TASK TO COMPLETE:
For the records below, print the lines from the line with "thumbnail image 1" through the line with "sunday best cropped tank" exactly as written; include both end lines and exclude the rest.

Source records
# # # # # # #

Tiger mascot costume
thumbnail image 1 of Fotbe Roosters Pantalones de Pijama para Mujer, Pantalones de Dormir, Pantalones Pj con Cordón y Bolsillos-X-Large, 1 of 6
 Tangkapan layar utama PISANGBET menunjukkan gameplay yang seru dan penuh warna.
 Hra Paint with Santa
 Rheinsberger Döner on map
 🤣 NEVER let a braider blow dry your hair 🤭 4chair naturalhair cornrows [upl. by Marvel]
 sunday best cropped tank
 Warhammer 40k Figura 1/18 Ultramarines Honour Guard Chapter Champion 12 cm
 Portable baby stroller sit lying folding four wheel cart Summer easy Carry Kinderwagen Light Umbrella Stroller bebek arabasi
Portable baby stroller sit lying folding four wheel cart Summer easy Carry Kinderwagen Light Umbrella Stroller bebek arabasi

# # # # # # #

EXERCISE RESPONSE:
thumbnail image 1 of Fotbe Roosters Pantalones de Pijama para Mujer, Pantalones de Dormir, Pantalones Pj con Cordón y Bolsillos-X-Large, 1 of 6
 Tangkapan layar utama PISANGBET menunjukkan gameplay yang seru dan penuh warna.
 Hra Paint with Santa
 Rheinsberger Döner on map
 🤣 NEVER let a braider blow dry your hair 🤭 4chair naturalhair cornrows [upl. by Marvel]
 sunday best cropped tank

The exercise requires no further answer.